The philosopher Seneca asked, “Would any human being willingly choose to be fastened to that cursed tree, especially after the beating that left him deathly weak, deformed, swelling with vicious welts on shoulders and chest, and struggling to draw every last, agonizing breath? Anyone facing such a death would plead to die rather than mount the cross.”
As if all of that physical torture wasn’t enough, it was the fearsome wrath of God that Jesus faced spiritually, as it was poured out upon him to its very dregs. We know the hymn:
It was my sin that held him there / Until it was accomplished!
His dying breath has brought me life / I know that it isfinished!
This is what Jesus endured. This is what he ‘hupomone-d’, what he “remained under.” But notice verse 3 also says, Consider him who endured from sinners such hostility against himself so that you may not grow weary or fainthearted. So Jesus not only endured the cross, but he also endured such hostility from sinners. It wasn’t enough that Jesus went willingly to such a horrific death, but it was all for hostile sinners! He endured hostility from the religious leaders who were jealous and wanted him killed. He endured hostility from his own people, who wagged their heads at him as they passed by Golgotha. He endured hostility from the Romans, who mocked him as King, yet also witnessed his death as truly the Son of God. He endured hostility from a punk teenager named Pilgrim, who, in his stupidity, kept rejecting the God who graciously allowed him to be raised in a Christian home and was obstinate in his teenage rebellion.
That’s what Jesus endured. What are we to endure?

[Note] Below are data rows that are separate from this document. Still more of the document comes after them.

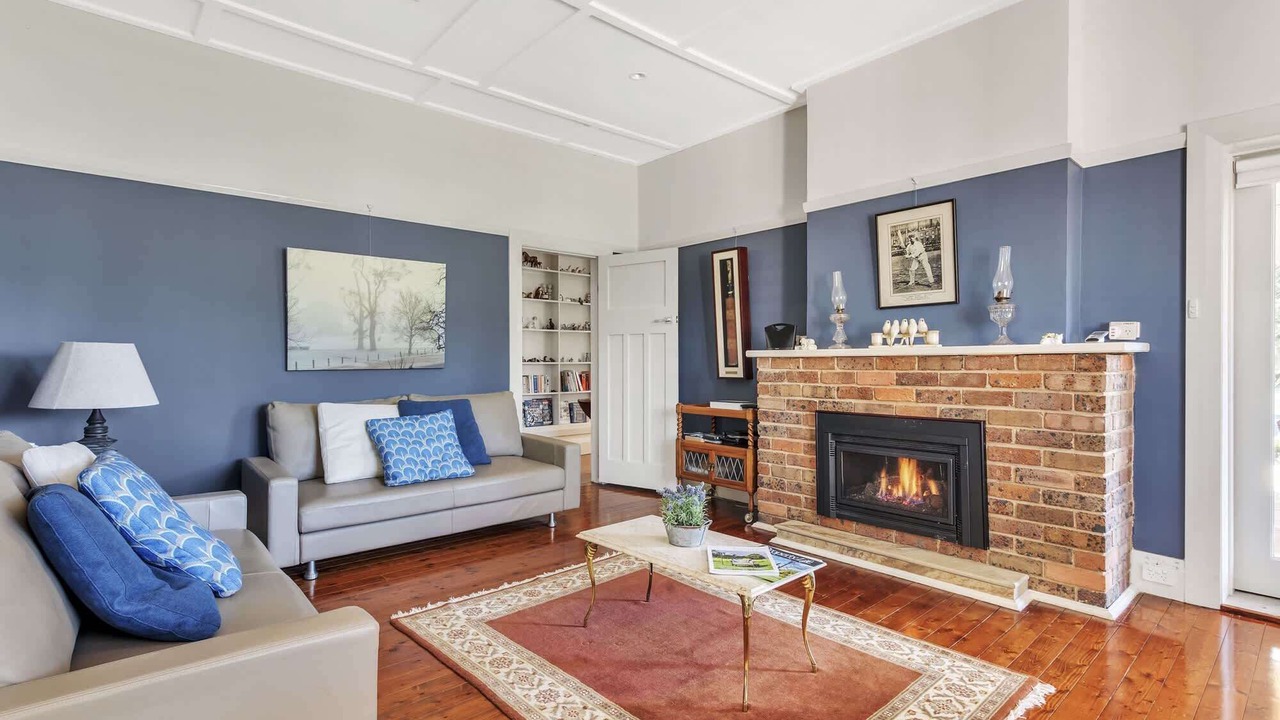 Photo of Livingroom in Bowral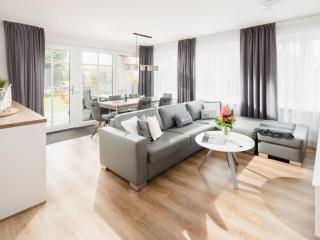 Strandloeper Comfortable holiday residence - Juist - 6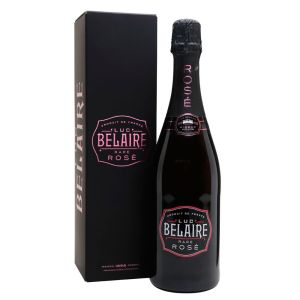Vino Espumoso Luc Belaire Rare Rose 0,75 Litros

Does anything compare with what Jesus endured? Forgive my indifference when our prayer requests are that we are getting impatient in traffic! Verse 1 tells us what we endure: the race set before us. We lay aside every weight and sin which clings so closely. We look to Jesus who endured so that we may not grow weary or fainthearted. The writer of Hebrews reminds us in verse 4 that it hasn’t gotten too extreme yet in our race: “In your struggle against sin, you have not yet resisted to the point of shedding your blood.” Is that true? You may have had to endure some insane tribulation (and I don’t in any way intend to make light of that), but you haven’t shed your blood yet, have you? Then keep running! Keep looking to Jesus! He’s the One who endured the cross. So we look to him, especially when we face hostility from sinners.